Elle a besoin, cette humanité, courbée qu’elle est sur sa tâche de chaque jour, d’une révélation tout autrement accessible, et de lumières et de consolations beaucoup plus faciles à recueillir. Une vérité qu’on n’entrevoit qu’an prix de recherches de ce genre, des solutions réservées à ceux qui ont le loisir et la faculté d’un travail de spéculation tel que celui que nous venons d’essayer, tout cela ne saurait être l’Evangile du petit et du pauvre, « le pain venu du ciel pour la vie du monde ».
D’ailleurs, hâtons-nous de le dire, aucune spéculation, quelque élevée qu’elle soit, n’est en pouvoir de donner ce dont elle n’arrivera bien plutôt toujours qu’à faire plus vivement sentir le besoin. Ce n’est pas en se contentant de sonder une blessure qu’on la guérit, ni en découvrant un abîme qu’on le comble. De plus, si les faits que nous avons appréciés, nous ont amenés à reconnaître au dedans de nous l’action vivante d’un Dieu personnel, souverain créateur, et miséricordieux conservateur du principe de notre vie, n’a-ce pas été, du moins en grande partie, parce que nous possédions déjà en nous l’expérience de ce Dieu ? Eussions-nous pu, sans préparation, arriver aux conclusions qui ont été les nôtres ?

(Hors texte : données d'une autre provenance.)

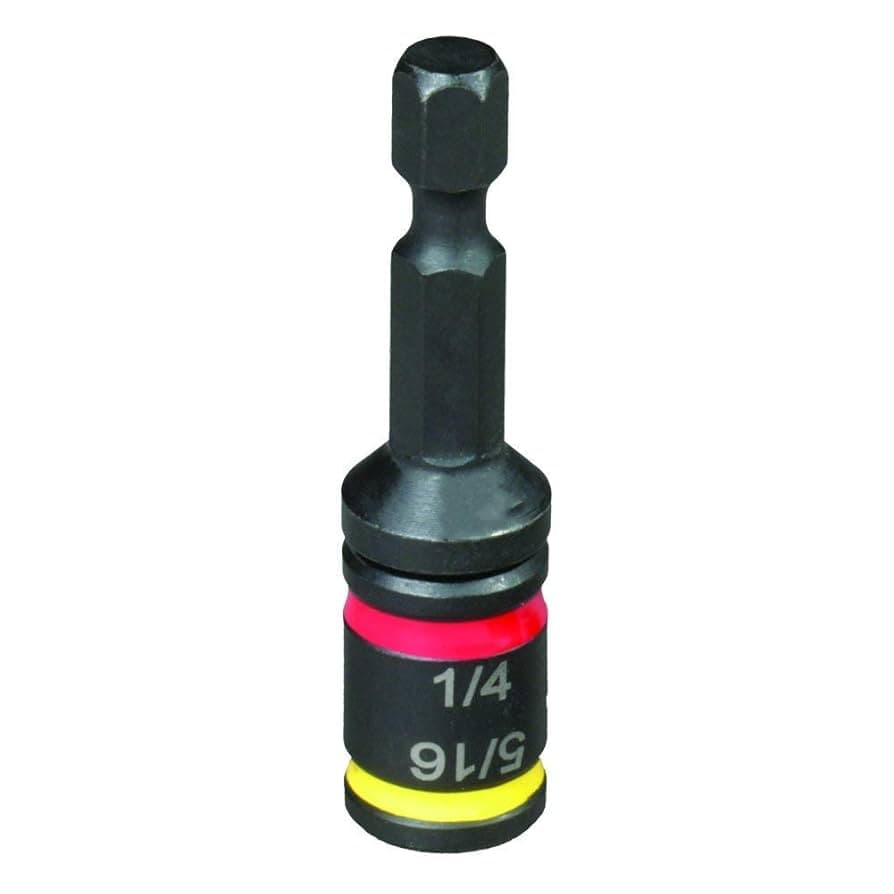Malco MSHC – Reversible Magnetic Hex Driver (C‑RHEX, 2″)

En tout cas, ce qui montre quelle est, pour une connaissance positive de Dieu lui-même, la valeur de cette étude de son action au dedans de nous, c’est que ce même fait intérieur de l’âme, mille fois analysé par les penseurs de tous les âges, ne leur a jamais, à lui seul, révélé le Dieu vivant. Parmi ces hommes, il y en a eu de tout temps qui sont parvenus, à force de loyauté et de courage, à se rendre compte et du caractère absolu de l’autorité intérieure, et même de l’existence de cette volonté souveraine qu’implique une autorité semblable. Aucun d’eux n’est allé plus loin. Chacun d’eux a traduit par une idée, ou par un symbole différent, l’expérience qui avait été la sienne. Aucun n’est jamais arrivé à savoir donner son vrai nom à l’objet de cette expérience ; ou bien, si le nom de Dieu lui était déjà parvenu par ailleurs, à savoir rattacher à ce nom son véritable sens. Comme le dit un apôtre en parlant de l’homme étranger à la révélation historique : « Si cet homme a connu Dieu, il ne l’a pas glorifié comme Dieu. »
D’où provient un fait aussi universel ? — La réponse est facile. Aucune de ces œuvres de Dieu accessibles ainsi à nous tous, — fût-ce même celle qui nous touche de plus près, fût-ce celle qu’il accomplit incessamment lui-même au dedans de nous, — aucun de ces faits ne suffira jamais, par cela seul qu’il se présenterait à nous comme une action divine, pour nous faire entrer en un rapport personnel, direct et intime, avec Dieu lui-même.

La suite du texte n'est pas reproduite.